I'm still wondering how you're supposed to reach a bottom-up approach to communism through the state. Isn't the state by definition top-down?
vijayjohn wrote:Yeah, but I want to know what he means by "liberalism." What definition of the term is he using such that it requires adherents to choose fascism over socialism when given a choice? I honestly find this proposition of his baffling since it seems to me that in practice, "liberalism" can mean a fairly wide range of political views.
I don't see why it would be impossible, for example, to be both leftist and liberal; isn't it possible, or did I get that completely wrong?

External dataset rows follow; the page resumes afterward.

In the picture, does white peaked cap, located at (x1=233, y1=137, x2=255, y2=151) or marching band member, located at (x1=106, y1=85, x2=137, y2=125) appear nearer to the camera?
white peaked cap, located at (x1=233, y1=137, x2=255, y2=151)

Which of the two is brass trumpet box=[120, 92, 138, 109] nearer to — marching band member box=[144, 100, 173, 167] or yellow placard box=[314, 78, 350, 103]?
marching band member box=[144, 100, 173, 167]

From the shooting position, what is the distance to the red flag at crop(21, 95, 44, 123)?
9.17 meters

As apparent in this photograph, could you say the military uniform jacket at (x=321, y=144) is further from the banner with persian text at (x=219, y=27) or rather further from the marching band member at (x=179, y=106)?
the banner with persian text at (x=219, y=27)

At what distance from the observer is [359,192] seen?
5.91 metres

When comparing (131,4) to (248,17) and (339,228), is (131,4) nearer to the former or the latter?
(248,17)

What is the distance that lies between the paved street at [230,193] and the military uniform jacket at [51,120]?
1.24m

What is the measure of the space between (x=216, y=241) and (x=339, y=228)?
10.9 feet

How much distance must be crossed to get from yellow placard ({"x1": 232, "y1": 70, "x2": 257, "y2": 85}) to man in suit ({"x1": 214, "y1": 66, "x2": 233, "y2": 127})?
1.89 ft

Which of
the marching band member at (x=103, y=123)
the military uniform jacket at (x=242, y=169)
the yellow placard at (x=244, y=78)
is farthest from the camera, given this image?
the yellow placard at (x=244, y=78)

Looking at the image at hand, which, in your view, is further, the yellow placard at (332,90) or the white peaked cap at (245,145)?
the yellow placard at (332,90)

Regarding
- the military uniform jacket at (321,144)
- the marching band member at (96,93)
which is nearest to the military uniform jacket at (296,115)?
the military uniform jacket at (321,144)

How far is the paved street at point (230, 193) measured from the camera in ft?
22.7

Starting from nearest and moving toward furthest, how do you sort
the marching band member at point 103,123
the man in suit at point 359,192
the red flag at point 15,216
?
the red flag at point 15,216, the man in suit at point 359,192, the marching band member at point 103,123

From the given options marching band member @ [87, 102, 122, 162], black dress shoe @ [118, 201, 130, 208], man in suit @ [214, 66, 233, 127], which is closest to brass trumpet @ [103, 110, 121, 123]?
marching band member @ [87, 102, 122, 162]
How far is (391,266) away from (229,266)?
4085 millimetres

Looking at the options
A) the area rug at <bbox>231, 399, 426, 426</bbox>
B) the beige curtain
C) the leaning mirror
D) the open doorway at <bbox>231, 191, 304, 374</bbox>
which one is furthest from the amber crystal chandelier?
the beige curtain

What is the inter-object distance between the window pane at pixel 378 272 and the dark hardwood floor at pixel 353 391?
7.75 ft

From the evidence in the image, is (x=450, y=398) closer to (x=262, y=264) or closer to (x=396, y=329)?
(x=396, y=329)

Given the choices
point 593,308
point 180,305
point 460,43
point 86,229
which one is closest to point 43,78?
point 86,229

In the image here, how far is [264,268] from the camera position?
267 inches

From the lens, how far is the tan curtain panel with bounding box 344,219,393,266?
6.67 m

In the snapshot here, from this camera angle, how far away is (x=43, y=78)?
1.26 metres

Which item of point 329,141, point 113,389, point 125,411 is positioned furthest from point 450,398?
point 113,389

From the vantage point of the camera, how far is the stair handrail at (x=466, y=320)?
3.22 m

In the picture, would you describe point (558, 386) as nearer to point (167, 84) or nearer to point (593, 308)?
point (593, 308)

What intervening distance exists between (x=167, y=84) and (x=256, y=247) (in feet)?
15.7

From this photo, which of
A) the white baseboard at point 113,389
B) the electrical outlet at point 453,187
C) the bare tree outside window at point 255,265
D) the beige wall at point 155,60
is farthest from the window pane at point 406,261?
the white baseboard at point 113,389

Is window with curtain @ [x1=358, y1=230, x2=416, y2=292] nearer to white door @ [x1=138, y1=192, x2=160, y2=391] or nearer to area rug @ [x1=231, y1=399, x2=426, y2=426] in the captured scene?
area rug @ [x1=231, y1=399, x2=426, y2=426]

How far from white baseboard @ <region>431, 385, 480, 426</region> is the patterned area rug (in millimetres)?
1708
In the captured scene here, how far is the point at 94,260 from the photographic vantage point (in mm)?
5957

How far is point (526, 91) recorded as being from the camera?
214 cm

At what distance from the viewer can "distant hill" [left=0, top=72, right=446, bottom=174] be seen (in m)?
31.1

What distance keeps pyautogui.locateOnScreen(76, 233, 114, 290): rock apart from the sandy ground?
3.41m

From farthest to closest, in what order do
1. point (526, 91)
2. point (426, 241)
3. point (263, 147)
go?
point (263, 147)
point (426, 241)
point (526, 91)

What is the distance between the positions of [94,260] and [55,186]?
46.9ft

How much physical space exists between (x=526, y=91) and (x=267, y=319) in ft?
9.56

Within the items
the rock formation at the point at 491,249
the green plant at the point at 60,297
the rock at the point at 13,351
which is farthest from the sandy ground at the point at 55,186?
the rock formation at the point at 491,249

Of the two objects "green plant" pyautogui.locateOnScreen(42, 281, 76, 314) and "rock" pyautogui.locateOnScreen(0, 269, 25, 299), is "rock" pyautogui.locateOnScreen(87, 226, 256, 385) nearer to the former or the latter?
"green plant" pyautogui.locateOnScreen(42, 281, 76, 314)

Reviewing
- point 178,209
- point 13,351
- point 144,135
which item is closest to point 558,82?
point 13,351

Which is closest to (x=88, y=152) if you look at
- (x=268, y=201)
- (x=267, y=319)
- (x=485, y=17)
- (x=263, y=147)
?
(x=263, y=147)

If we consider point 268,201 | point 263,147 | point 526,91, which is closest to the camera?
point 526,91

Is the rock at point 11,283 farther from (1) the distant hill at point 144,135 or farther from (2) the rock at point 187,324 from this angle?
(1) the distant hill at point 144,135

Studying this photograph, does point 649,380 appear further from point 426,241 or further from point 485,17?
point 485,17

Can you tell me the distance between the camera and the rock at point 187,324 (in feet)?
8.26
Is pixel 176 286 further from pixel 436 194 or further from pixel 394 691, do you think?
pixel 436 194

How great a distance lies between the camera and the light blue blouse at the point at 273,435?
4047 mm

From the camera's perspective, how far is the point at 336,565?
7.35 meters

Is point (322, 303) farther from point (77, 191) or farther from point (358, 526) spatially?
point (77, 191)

Saim wrote:The communist thesis regarding fascism is that it is not some sort of deep evil that we can guard against simply by asserting liberal values as almost metaphysically universal (declaration of human rights and all that), as fascism is a reaction to economic crises that are inevitable under capitalism, and that the "Liberal" establishment will prefer fascism over socialism because fascism preserves property rights. So we need radical economic restructuring (i.e. a redistribution of power, not just social-democratic concessions and welfare) if we want to prevent fascism. At least that's how I understand the argument.
So I think the way many anticapitalists would classify it would be that the Left is broadly synonymous to anticapitalism, whereas there would also be a left-wing branch of Liberalism (social democracy, left-liberalism, social liberalism), which wouldn't necessarily be part of the capital-l Left.
Although I'm against capitalism as well but I'd probably prefer to make common cause with social democrats and left-liberals on many issues than with Marxist-Leninists. Of course if I say that to a Marxist-Leninist they'll inevitably call me a liberal as well (or a Trotskyite).
But then even under this theory, I don't see how there's any way to guarantee that power is redistributed in such a way that fascism doesn't arise anyway. As I'm sure you know, there are plenty of communist states that have been characterized by racism and/or ethnic discrimination at one point or another, too.
md0 wrote:But I would note that fascism is not just racism. Corporatism is one of the most characteristic aspects of fascism.
Dr. House wrote:Economic Left/Right -1.38
Social Lib/Auth -1.64
Wow this is quite accurate. What party is the closest to this result?